• Goal of the exercise
Once the pictures are removed, restate the listing word for word.

• Information supplied
■ ■ ■ ■ ■ ■ ■
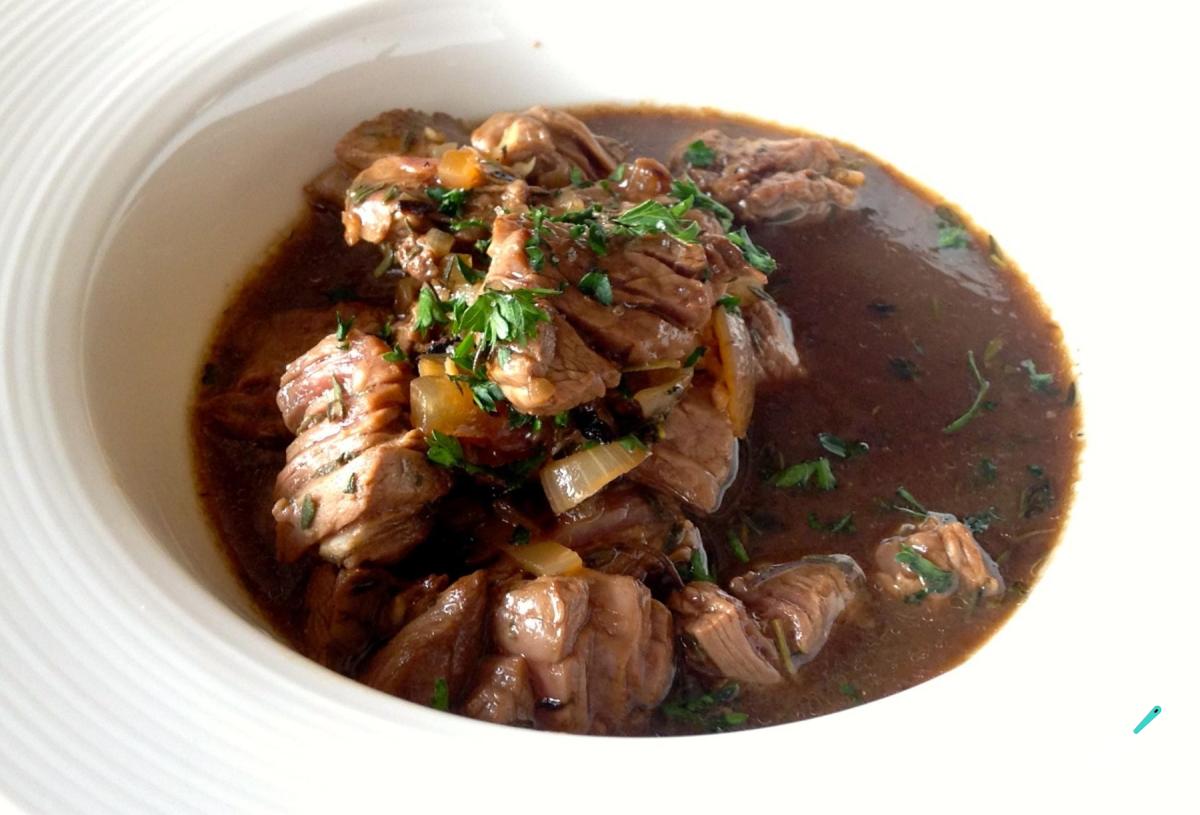 Receita de Lombo de porco ao vinho tinto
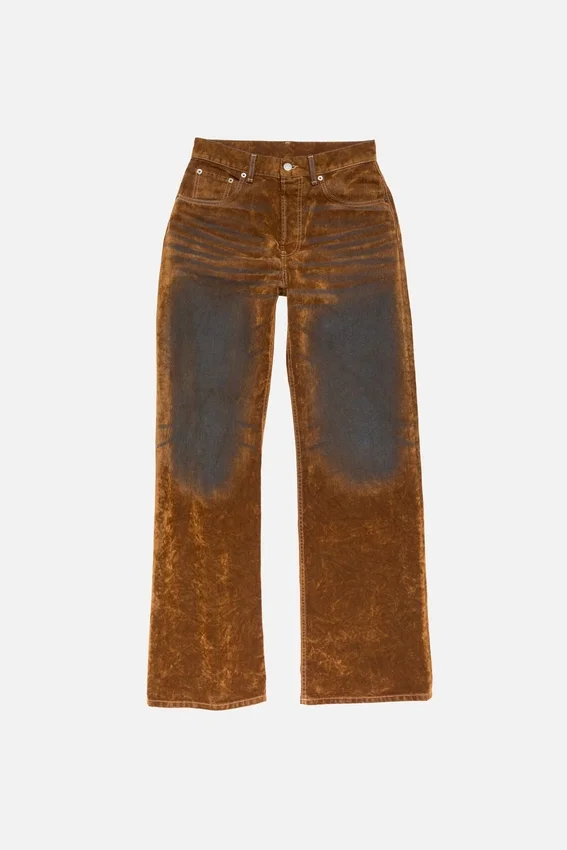 Flocked denim jeans - 2021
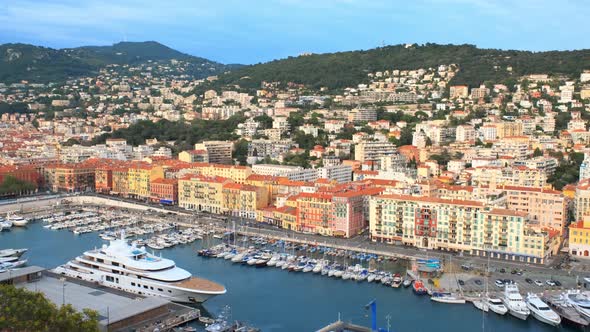 View of Old Port of Nice with Yachts, France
■ ■ ■ ■ ■ ■ ■
• Exercise response
 Receita de Lombo de porco ao vinho tinto
 Flocked denim jeans - 2021
 View of Old Port of Nice with Yachts, France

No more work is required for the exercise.